В московском "Дне поэзии" 56-го года была напечатана элегия Ахматовой "Есть три эпохи у воспоминаний..." Я не мог отдать себе отчет в том, чем это поразило меня больше: тем ли, что она еще жива, или содержанием и красотой. За десятилетия, что прошли с тех пор, эти белые стихи, тотчас запомненные, много раз всплывали в сознании, по поводу и без повода, наполняясь содержанием, прежде не прочитанным, упущенным, ахматовским, равно как и впитанным, пережитым, своим. Это была новая Ахматова, и вместе с тем узнаваемая, выглядывающая из "Эпических мотивов". В следующий раз я увидел "Есть три эпохи" в сборнике 1961 года, так называемой "лягушке" - по зеленому цвету переплета, - в цикле с "Так вот он, тот осенний пейзаж..." (читается пейзаж, как привыкла произносить Ахматова) и четверостишием "И голос тот уже не отзовется". Впечатление от четверостишия было ослепительное, на время оно полностью затмило элегию. "Ликуя и скорбя". "Все кончено". Все было обязательно, интонация неотменима, власть каждого слова несомненна. Но главное - звук. Несколько поэтов, чьи стихи соседствовали с этими в альманахе, казалось, могли "договориться" между собой. Можно было представить себе, что вот Пастернак продекламировал "Свеча горела", затем Цветаева "Читателей газет", Заболоцкий "Прощание с друзьями" - и та же Ахматова "Есть три эпохи". Но что-то в женщине, которой принесли морковку, выходило за край и этого нового, и всех прежних известных мне стихотворений, присутствовал в словах, которые она изредка произносила, звук, вообще, как я тогда подумал, не вмещавшийся в стихи. Ни в каком поэтическом хоре не звучал, не мог звучать такой голос, словно выхваченный из хора плачущих над тем, кто сам уже безмолвен. "Где больше нет тебя". В то же время эти несколько прощальных слов не скрывали, что они составлены с искусством, в стихах был "эффект", строка обрывалась на "И песнь моя несется...", то есть все кончено, а песнь все-таки несется.
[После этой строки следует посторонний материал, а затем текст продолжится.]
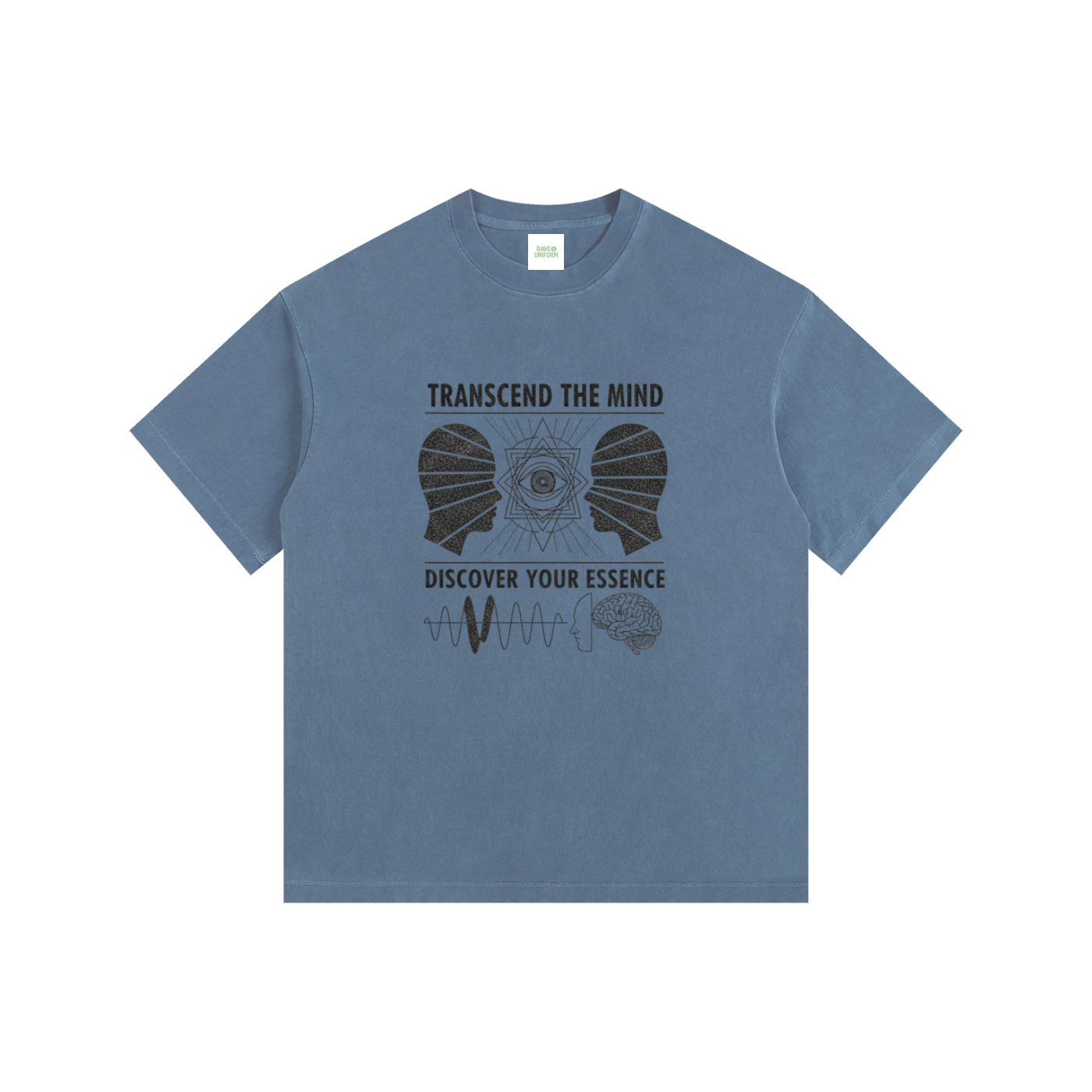 Free The Mind Oversized T-Shirt in Royal Blue detail view by Rave Uniform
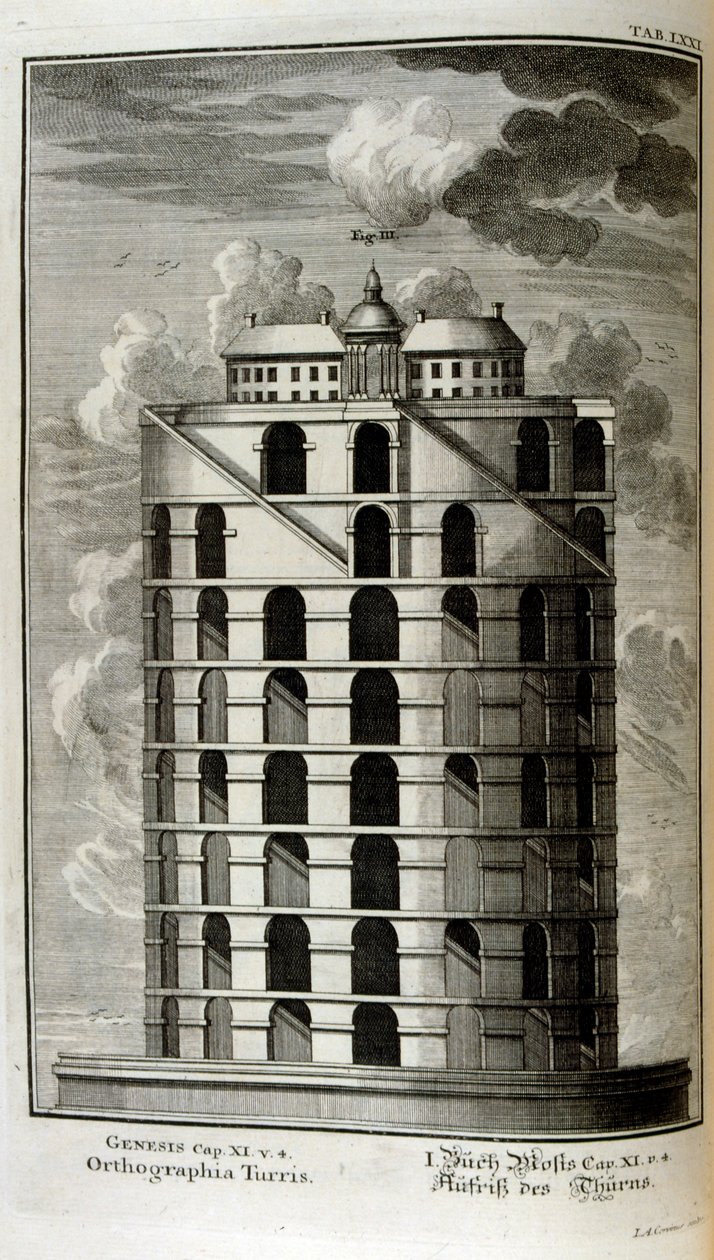 Plan de la tour de Babel vu de côté - Johann Jakob Scheuchzer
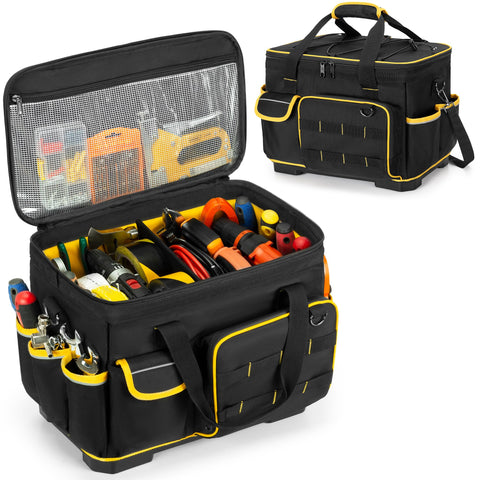 Marscamd 16-inch tool bag with hard bottom for upright, dry storage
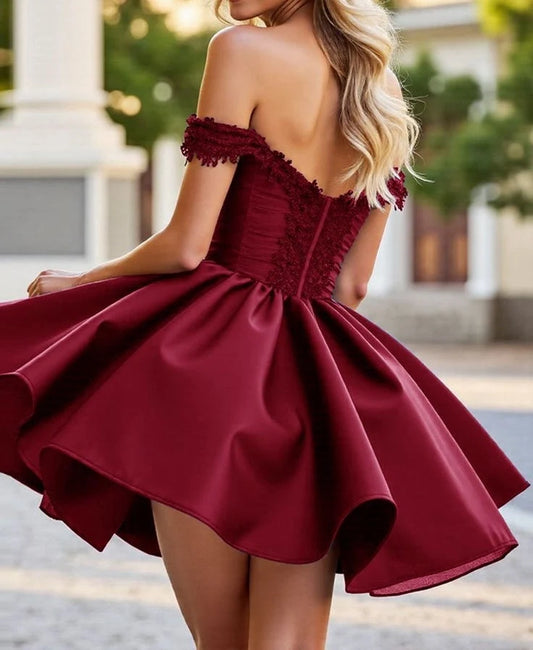 Elegant A-Line Off-the-Shoulder Lace Applique Satin Short Party Homecoming Dress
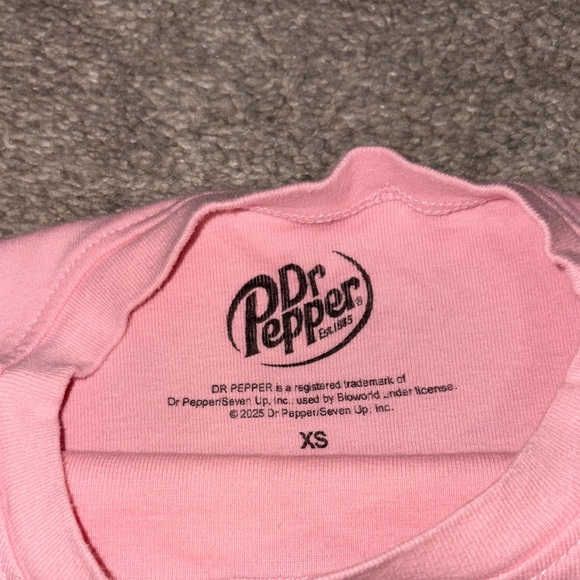 Juniors Dr. Pepper Pink Short Sleeve Tee - Picture 5 of 5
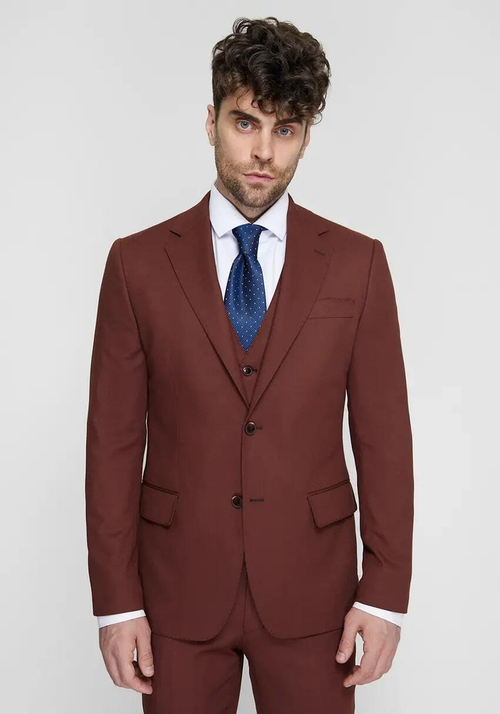 Мужской классический костюм тройка (коричневый) А8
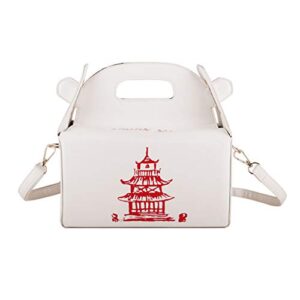 kuang! fashion crossbody handbags takeout box shoulder bag chinese tower pu packing box purse for girls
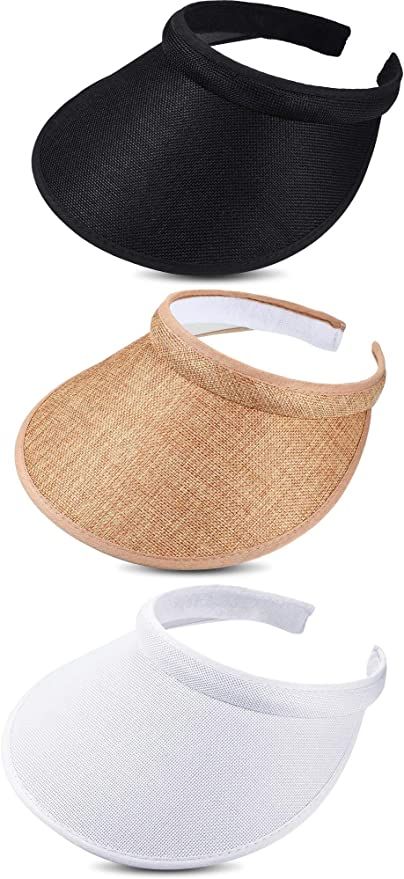 Syhood 3 Pieces Sun Visor Hats Summer Wide Brim Clip on Beach Adjustable Large Brim Cap Golf Hat ... | Amazon (US)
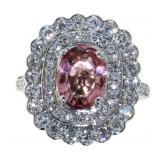 14kt Gold 2.85 ct Pink Tourmaline & Diamond Ring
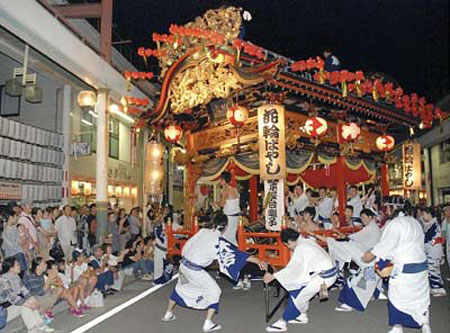 日本三大庙会之一花轮庙会举行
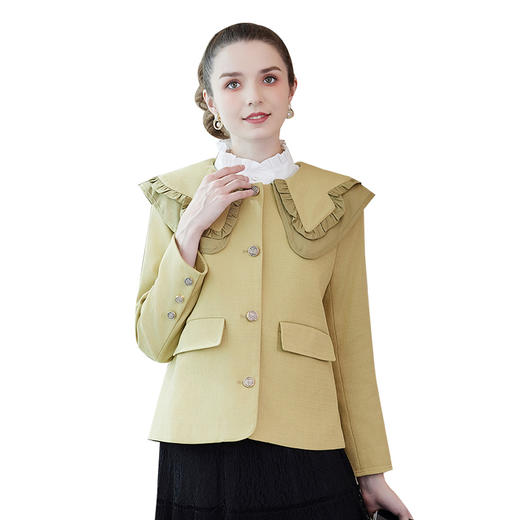 奢姿2024春季新款大码女装娃娃领减龄外套胖妹妹时尚短款外套9933391085 商品图4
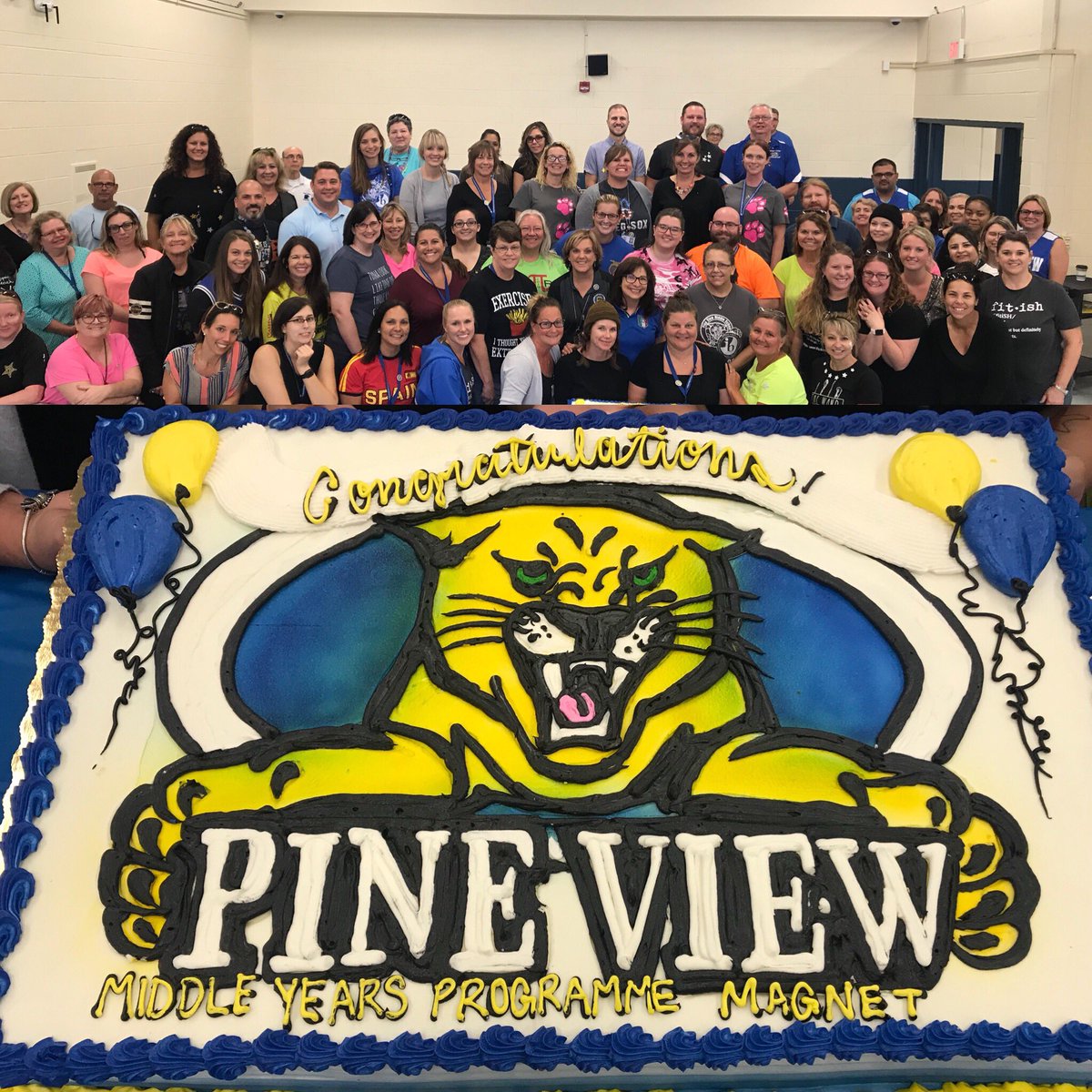 PineViewMiddle's tweet image. Celebrating an IB MYP World School Staff! #ibstrong #pantherproud #collaborativeculture #lovethesePanthers 🐾💙🎉🎊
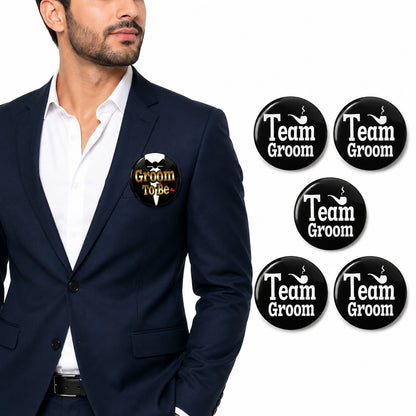 Team Groom & Groom To Be Buttons - 6PC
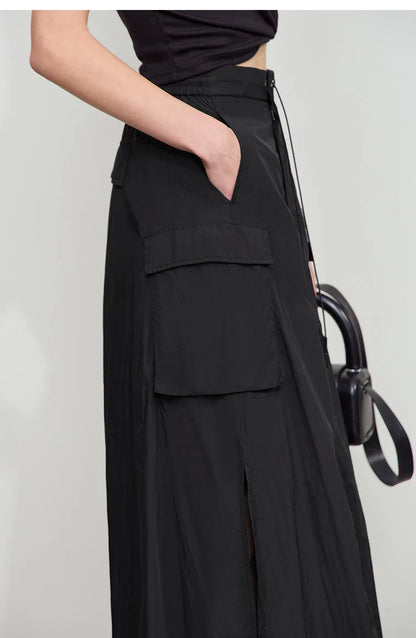 Vacation Long Skirt 2025 Summer Women Loose Sun Protection Office Lady Solid Pockets Elastic Waist Cord Slit Skirt 12542106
Школьный учитель литературы, он же директор школы, невысокий, физически сильный, с монгольским разрезом глаз и твердым подбородком сорокалетний орденоносец, не вел о своем предмете пустых разговоров, не занимался тонкостями. Про Ахматову, когда речь пошла о Постановлении ЦК 1946 года, он сказал: "С ней просто. Она сама была некрасивая, а всю жизнь любила очень красивого человека. Он на нее не обращал внимания, отсюда упадничество". Центром урока был план темы, сочинения на тему. Любую. Возможную на экзамене - мы писали только малую часть планируемых. Вступление. Содержание. Заключение. Римские цифры, арабские цифры. Строчные буквы: а), б), в)... Пункт четвертый: "Близость Онегина к декабристам; а) "Ярем он барщины старинной оброком легким заменил"; б) "Зато читал Адама Смита"; в) черновой вариант "Судьба царей, в свою чреду, все подвергалось их суду". Его подход к литературе был честным. Он требовал знания изучаемых произведений, задавая на лето конспектировать "Войну и мир", я с удовольствием делал это, по главам, получилась толстая тетрадь. Он не требовал любви к литературе, которая в России исторически считается более обязательной, чем любовь к химии. Не требовал, чтобы мы любили "Мать" Горького так же, как "Войну и мир". Он диктовал планы. "Образ Петра Безухова". Его значение в романе. Отношения с другими героями. Внешность, поступки, качества характера. "Образ Павла Власова". Его значение в романе. Отношения с другими героями. Внешность, поступки, качества характера. Он выводил литературу на уровень, на котором книги были равны друг другу. Собственно говоря, то же самое было на уроках дающий человек имел такое же ускорение, что и падающий камень. И на биологии: у паука тоже было сердце, только система кровообращения незамкнутая. Нам преподавали не изящную словесность, не заставляли сопереживать положительным персонажам, зато и не говорили, как через тридцать лет моим детям: "Евгений Онегин был одет во все ненаше". Нравилась тебе поэма "Двенадцать", не нравилась, ты должен был знать, что она обличает царизм и воспевает революцию. Мысль гнулась, но чувство оставалось нетронутым. Ты мог быть очарован "Сероглазым королем" и, разбуженный ночью, отрапортовать, что стихотворение упадочно и порочно.